Tuesday, October 2, 2012

In the cellar of Burlotto


The saints in the chapel of Burlotto were as steadfast and still as ever.

The emblem of a royal family stays affixed to an old cask in the cellar, immobile.

But in the courtyard it was all bustle on this day.

Two casks of Dolcetto were already fermenting, nearby a cask of Levi Dalton's future favorite Pelaverga.

The Barbera would be brought in the following morning.

Equipment was everywhere you might look for it, and also some places you might not.

The new cellar, barely finished, was filled with bottles recently moved in.

And Fabio Alessandria was busy inspecting his handiwork.

A man in demand this time of year, Fabio was nice enough to share some of his time with us.



Some of his botti contain future releases from some of the best vineyards in Piemonte, Monvigliero and Cannubi.

We headed to the tasting room to sample some of the splendors.
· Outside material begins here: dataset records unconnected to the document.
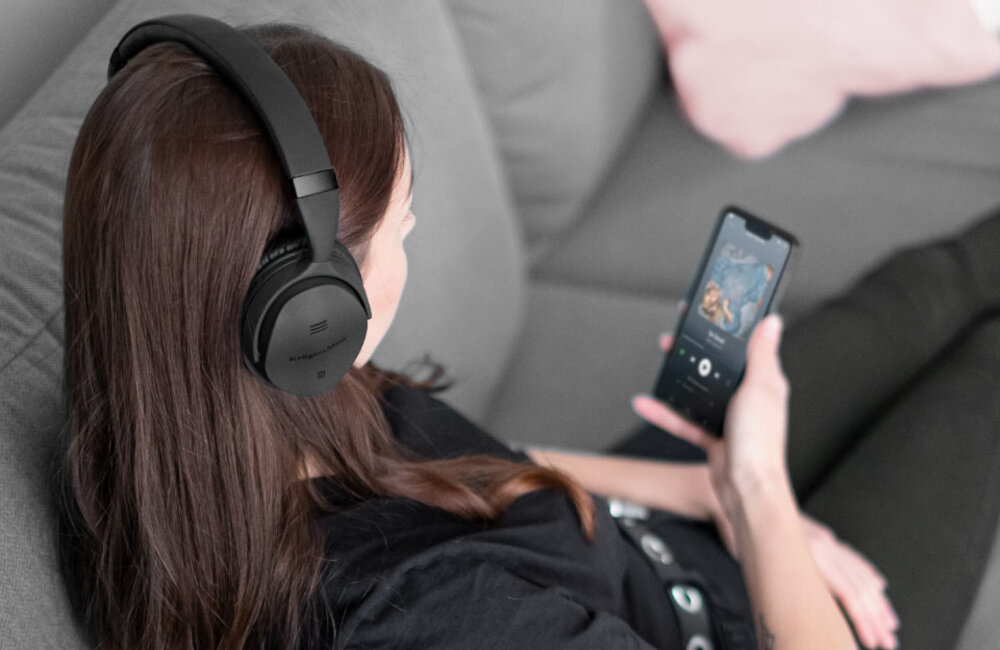 SŁUCHAWKI BLUETOOTH KRUGER&MATZ F7A ANC NAUSZNE CZARNE mikrofon odbieranie połączeń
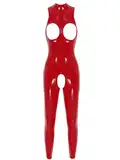 FEESHOW Frauen Lackleder Body Wetlook Catsuit Brust Und Schritt Offen Jumpsuit Latex Rubber Gummi Ganzanzug Party Clubwear A_Rot 4XL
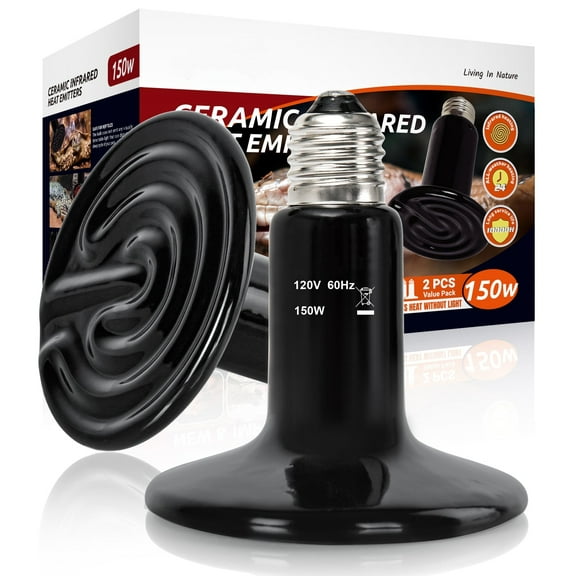 ECOSUB 150W Ceramic Heat Emitter, E26 Reptile Heat Lamp Night Reptile Terrarium Heat Bulb 2PC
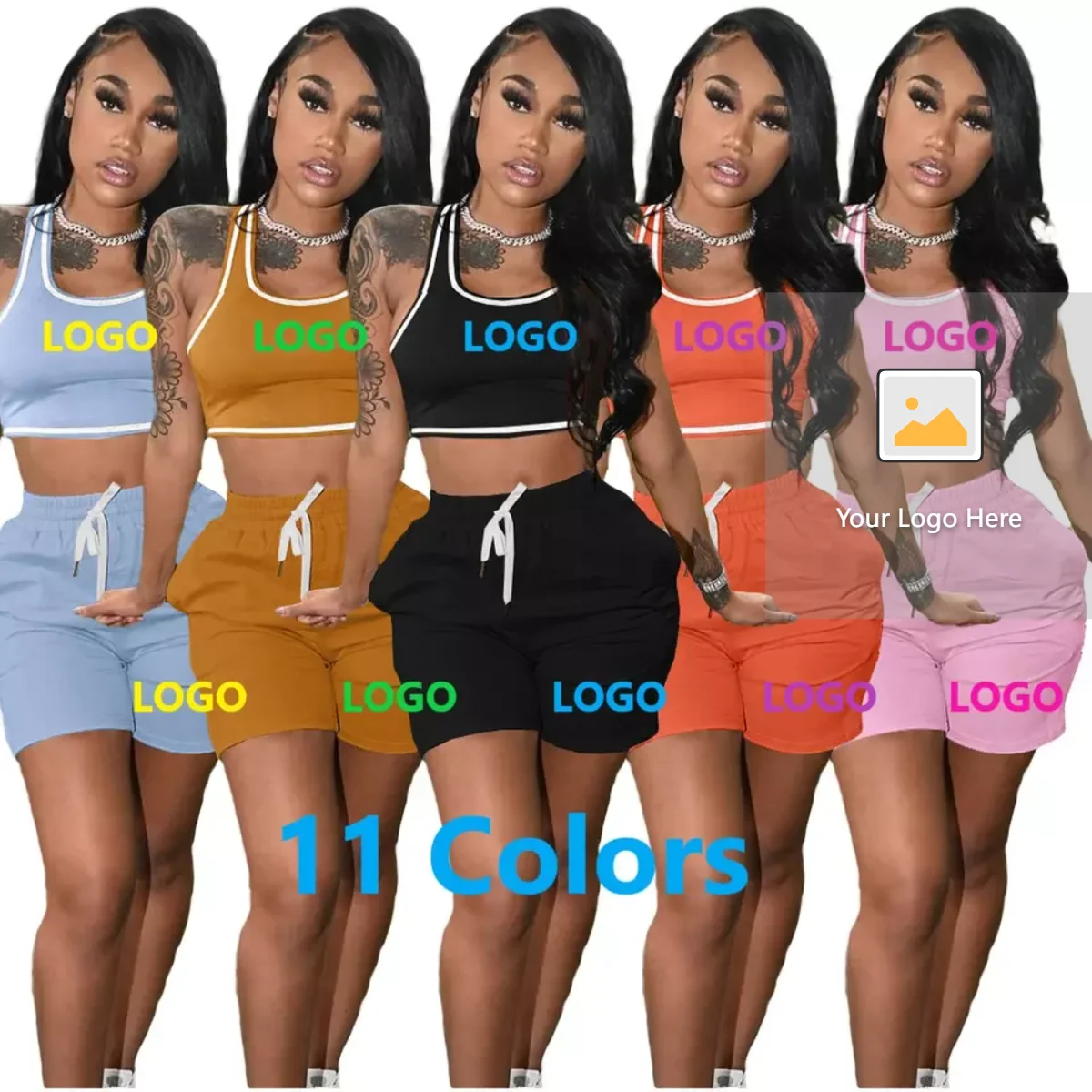 New Arrival 2022 Summer Sport Jersey Custom Logo 2 Piece Set Casual Two Piece Short Set Crop Tank Top And Biker Shorts Set
New Arrival 2022 Summer Sport Jersey Custom Logo 2 Piece Set Casual Two Piece Short Set Crop Tank Top And Biker Shorts Set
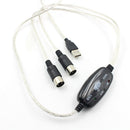 2m MIDI Cable to USB IN-OUT Converter PC to Keyboard Music Adapter Cord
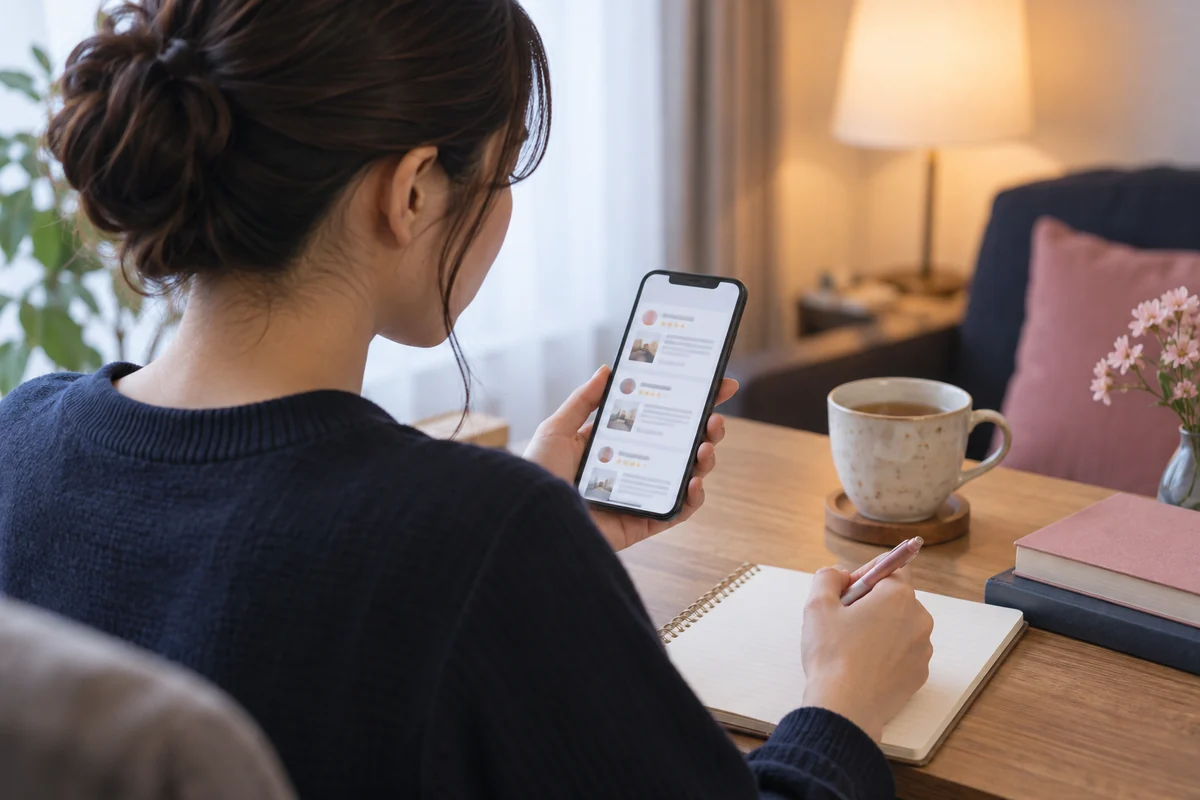 スマートフォンで複数の占い口コミを比較して読む女性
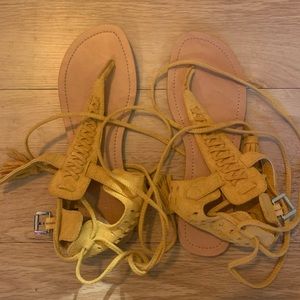 ☀️ Yellow Lace Up Sandals
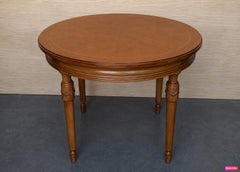 Pair of Classic Round Walnut Wood Tables with Carved Legs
Fabio opened several bottles for us.

The 2011 Barbera d'Alba, bottled just a month ago, was already extremely delicious.

And I absolutely agree with Gregory dal Piaz, who says that the Burlotto Barbera is perennially one of the Piemonte's very best values.

I was also extremely impressed with how the 2008 Barolos were coming along, and I was apparently so in awe of them that I forgot to take a picture to show you here. The 2008 Barolo normale was fabulous, and it was amazing what a few months in bottle had done for the 2008 Barolo Aclivi, which was much more forthcoming in this tasting than it was in the summer. You really would be hard pressed to find better Barolo for the money asked than these two.

Fabio told me that before he dies he wishes to make wine from the grapes of Serralunga or Monforte, communes with wines very different than his own native Verduno. But I cannot think of anyone with a better understanding of the nature of the places he already turns from vine to wine. He brings forth the soul of Verduno from behind cellar doors.